Purpose. Cubical diagrams have become increasingly important over the last two decades, both as a powerful organizational tool and because of their many applications. They provide the language necessary for the Blakers–Massey Theorems, which unify many classical results; they lie at the heart of calculus of functors, which has many uses in algebraic and geometric topology; and they are intimately related to homotopy (co)limits of diagrams and (co)simplicial spaces. The growing importance of cubical diagrams demands an up-to-date, comprehensive introduction to this subject.

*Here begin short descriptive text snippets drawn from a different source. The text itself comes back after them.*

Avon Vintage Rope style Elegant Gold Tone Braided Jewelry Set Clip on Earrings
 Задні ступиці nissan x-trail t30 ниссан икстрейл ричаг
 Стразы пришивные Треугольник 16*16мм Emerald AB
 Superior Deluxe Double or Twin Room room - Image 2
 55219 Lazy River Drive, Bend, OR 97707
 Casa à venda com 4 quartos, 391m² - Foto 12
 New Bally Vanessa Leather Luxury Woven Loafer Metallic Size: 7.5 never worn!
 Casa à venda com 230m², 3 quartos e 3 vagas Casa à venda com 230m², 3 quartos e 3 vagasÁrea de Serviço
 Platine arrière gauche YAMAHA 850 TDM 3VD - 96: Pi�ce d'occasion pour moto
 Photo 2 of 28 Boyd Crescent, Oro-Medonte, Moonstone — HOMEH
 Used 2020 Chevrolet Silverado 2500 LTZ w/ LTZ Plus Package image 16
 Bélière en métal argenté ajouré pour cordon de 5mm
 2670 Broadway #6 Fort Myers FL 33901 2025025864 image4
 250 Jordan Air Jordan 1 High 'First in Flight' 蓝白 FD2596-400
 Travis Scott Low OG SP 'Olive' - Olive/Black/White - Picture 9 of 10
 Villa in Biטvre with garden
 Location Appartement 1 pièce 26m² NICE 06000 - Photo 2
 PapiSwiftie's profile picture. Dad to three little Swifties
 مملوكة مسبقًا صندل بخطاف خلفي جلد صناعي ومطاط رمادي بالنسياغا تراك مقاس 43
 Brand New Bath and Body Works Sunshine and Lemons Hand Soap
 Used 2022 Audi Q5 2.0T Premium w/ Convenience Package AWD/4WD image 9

In addition, self-contained, expository accounts of homotopy (co)limits and (co)simplicial spaces do not appear to exist in the literature. Most standard references on these subjects adopt the language of model categories, thereby usually sacrificing concreteness for generality. One of the goals of this book is to provide an introductory treatment to the theory of homotopy (co)limits in the category of topological spaces.
This book makes the case for adding the homotopy limit and colimit of a punctured square (homotopy pullback and homotopy pushout) to the essential toolkit for a homotopy theorist. These elementary constructions unify many basic concepts and endow the category of topological spaces with a sophisticated way to “add” (pushout) and “multiply” (pullback) spaces, and so “do algebra”. Homotopy pullbacks and pushouts lie at the core of much of what we do and they build a foundation for the homotopy theory of cubical diagrams, which in turn provides a concrete introduction to the theory of general homotopy (co)limits and (co)simplicial spaces.
Features. We develop the homotopy theory of cubical diagrams in a gradual way, starting with squares and working up to cubes and beyond. Along the way, we show the reader how to develop competence with these topics with over 300 worked examples. Fully worked proofs are provided for the most part, and the reader will be able to fill in those that are not provided or have only been sketched. Many results in this book are known, but their proofs do not appear to exist. If we were not able to find a proof in the literature, we have indicated that this is the case. The reader will also benefit from an abundance of suggestions for further reading.
Cubical diagrams are an essential concept for stating and understanding the generalized Blakers–Massey Theorems, fundamental results lying at the intersection of stable and unstable homotopy theory.